*** Source material

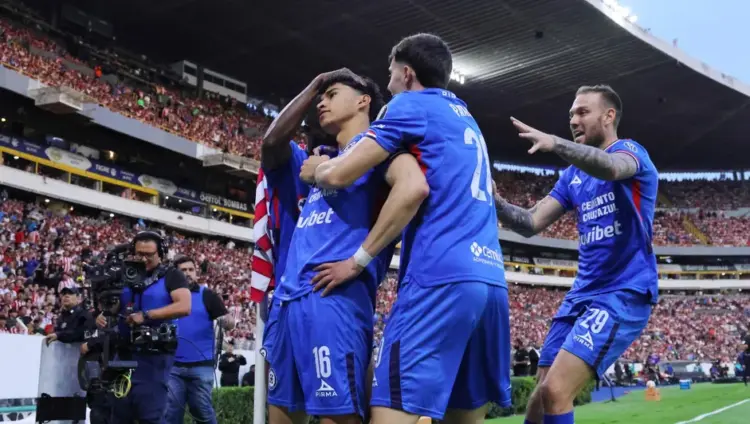 Cruz Azul derrota 2-1 a Chivas en el Jalisco y avanza a la Final del Clausura 2026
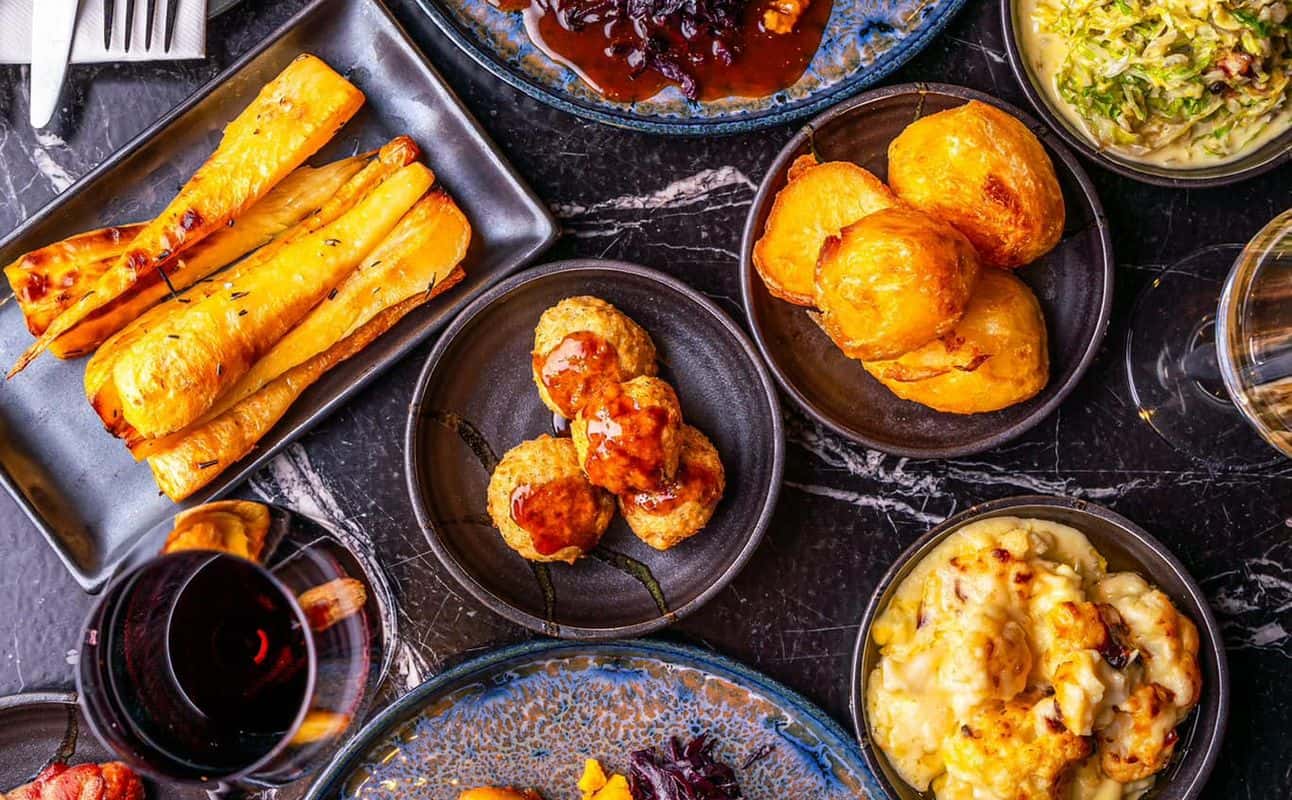 Enjoy Asian, Gluten Free options, Vegan options, Vegetarian options, Bars & pubs, Restaurant, Late night, Indoor & outdoor seating, $$, Bar scene, Groups and Date night cuisine at Zenn in Liverpool City Centre, Liverpool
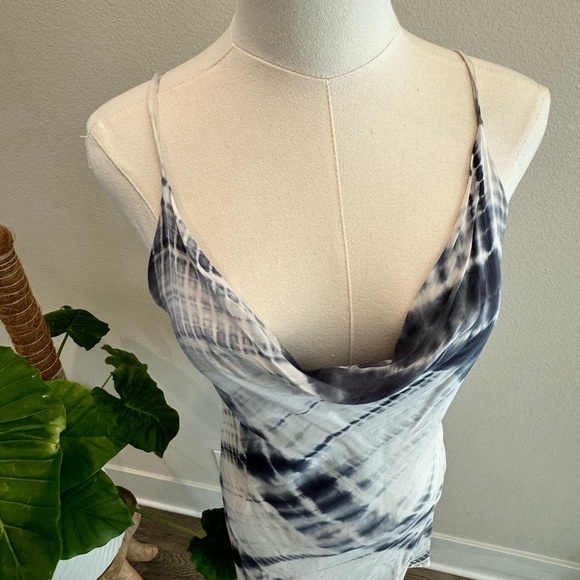 Mahina mini dress - Picture 2 of 7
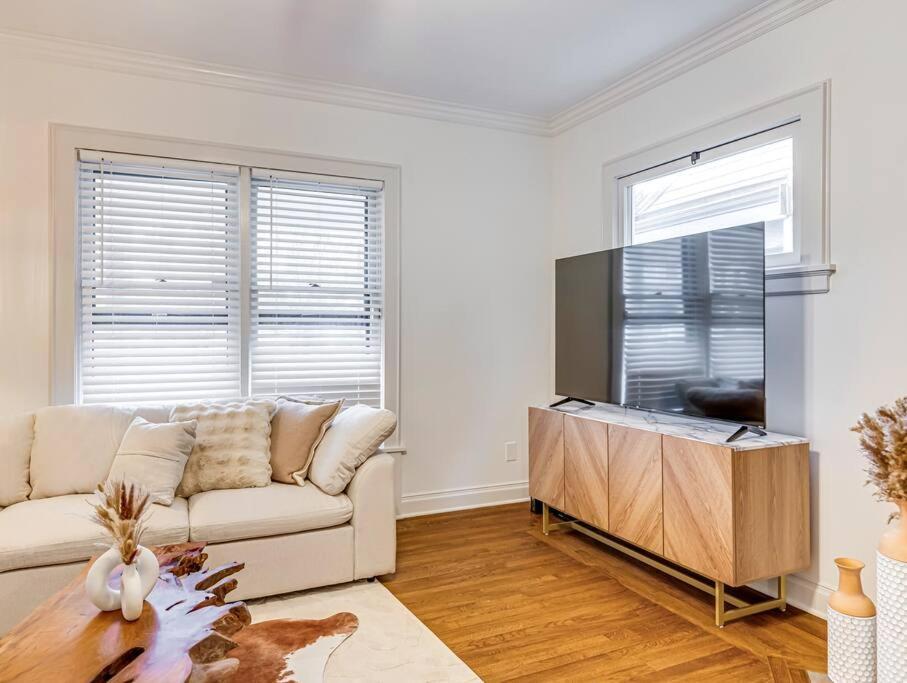 Holiday home Upscale Historic Near Downtown, Hall Of Fame, Beach, Arenas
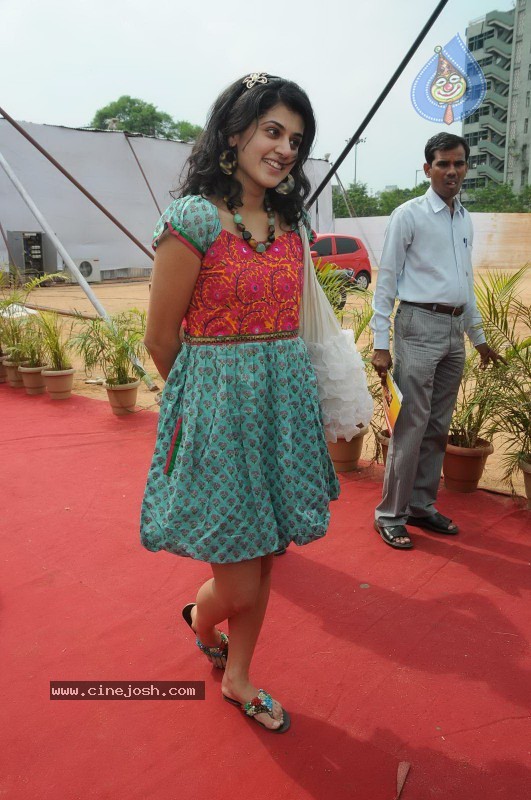 Tapsee visits Nizam College Grounds - 44 / 72 photos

******

#### [Work required]
Your reply should consist solely of the lines from the one containing "Mahina mini dress - Picture 2 of 7" through the last line of the material, reproduced exactly and without pictures.

#### [Written reply]
 Mahina mini dress - Picture 2 of 7
 Holiday home Upscale Historic Near Downtown, Hall Of Fame, Beach, Arenas
 Tapsee visits Nizam College Grounds - 44 / 72 photos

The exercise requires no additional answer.